A evolução do indicador que mede a produtividade atingiu 56,2 pontos no segundo trimestre deste ano, contra 51 pontos no trimestre anterior e 49 pontos no segundo trimestre de 2006. Na sondagem, valores acima de 50 pontos indicam evolução do indicador.
O maior nível de produção ocorreu nas grandes empresas (58,3 pontos), mas ele também ficou positivo nas pequenas e médias, que registraram 52,6 pontos e 56,9 pontos, respectivamente.
Dos 27 setores pesquisados, 21 apresentaram valores acima de 50 pontos, sendo que as maiores evoluções foram registradas nos segmentos de álcool (71,4 pontos), refino de petróleo (68,8 pontos) e veículos (64,4 pontos). Já calçados, madeira e couros e artefatos -setores exportadores que sofrem perda de competitividade devido à baixa cotação do dólar- apresentaram resultados abaixo de 50 pontos, 44,6 pontos, 45,5 pontos e 45,8 pontos, respectivamente.
Em relação ao emprego, o indicador atingiu 52,6 pontos, também o maior valor dos últimos dois anos. A CNI ressaltou que essa evolução aconteceu em um maior número de setores em relação ao levantamento anterior. No primeiro trimestre do ano, esse indicador estava em 51,1 pontos e no segundo trimestre do ano passado, em 48,8 pontos, ainda que o crescimento da ocupação ocorreu em um maior número de setores.

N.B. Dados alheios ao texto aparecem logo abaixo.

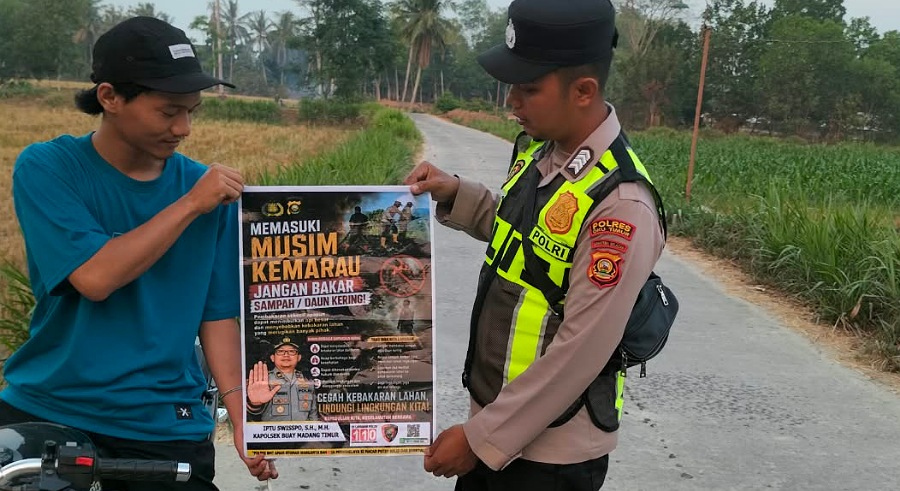 Gelar 10 Giat Mitigasi Karhutla, Polsek Buay Madang Timur OKU Timur Sebar Maklumat di Dua Desa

Já o nível de utilização da capacidade instalada terminou o segundo trimestre em 75%, dois pontos percentuais abaixo do registrado no trimestre anterior e no segundo trimestre de 2006.
Estoques
A sondagem também fez um levantamento em relação ao nível dos estoques e das condições de financiamento das empresas. A evolução do nível de estoque ficou em 49,9 pontos, indicando estabilidade.
Sobre a satisfação financeira, a CNI aponta relativa satisfação das empresas, já que o índice está em 49 pontos. O indicador é maior nas grandes empresas, que registrou 53,3 pontos. Para as médias e pequenas, o quadro é diferente, 47,9 pontos e 44,2 pontos, respectivamente.